Nashville man's pizza dream takes 20 years to rise

Stephen Ray, 54, is finally seeing the light at the end of the oven.
The Green Hills resident recently accomplished his dream of taking rolled bread topped with pepperoni and cheese to the mass market. The product, called PizzaBarz, is sold at some Dollar General stores and in vending machines. It was a quest that took more than 20 years.

No stranger to the restaurant industry, Ray worked many years as a restaurant manager and owner of his own bakery and restaurant. But nothing prepared him for the arduous process of taking something baked from the kitchen to mass-market manufacturing, he said.

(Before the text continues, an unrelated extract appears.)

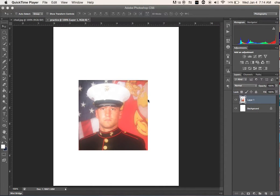What's up YouTubers? Detroit Post Production here. I'm going to show you how to import a file into Adobe Photoshop — pretty much just put the picture inside Adobe Photoshop. Very simple tutorial here.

It began in 1987 when Ray didn't want to waste the leftover cheese and dough after his staff produced cheese bread at his bakery. Instead of throwing away half a pound of scraps, Ray decided he would turn it into cheese sticks — foot-long breadsticks topped with baked cheese. Soon, the product became a popular treat and generated more money than anyone ever thought, Ray said.

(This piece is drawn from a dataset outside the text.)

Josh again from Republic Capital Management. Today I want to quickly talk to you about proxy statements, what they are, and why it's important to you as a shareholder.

Ray expanded his cheese stick business by selling the treats at Opryland amusement park. There, on a typical weekend, Ray says he sold more than 1,300 a day. Convinced he had a hot seller on his hands, Ray began selling his cheese sticks to amusement parks and festivals around the nation, including at Six Flags in Northern California.

Ray later met Randall Hall, a Subway franchisee and the two began dreaming of a machine that could make the cheese sticks utilizing four cheeses — cheddar, mozzarella, Parmesan and Monterey Jack. At the time, the businessmen focused on four flavors — pepperoni, bacon-cheddar, nacho-jalapeno and cuatro queso.

10 years to find machine

Ray spent the next 10 years calling companies that specialized in making machines for bagels and pizzas.

Some claimed they could make a machine that would work, but the difficulty was in processing both a dry cheese like Parmesan and a soft cheese like cheddar. The machine would get gummed up.

"We got left at the altar many times," said Hall, vice president of sales and marketing.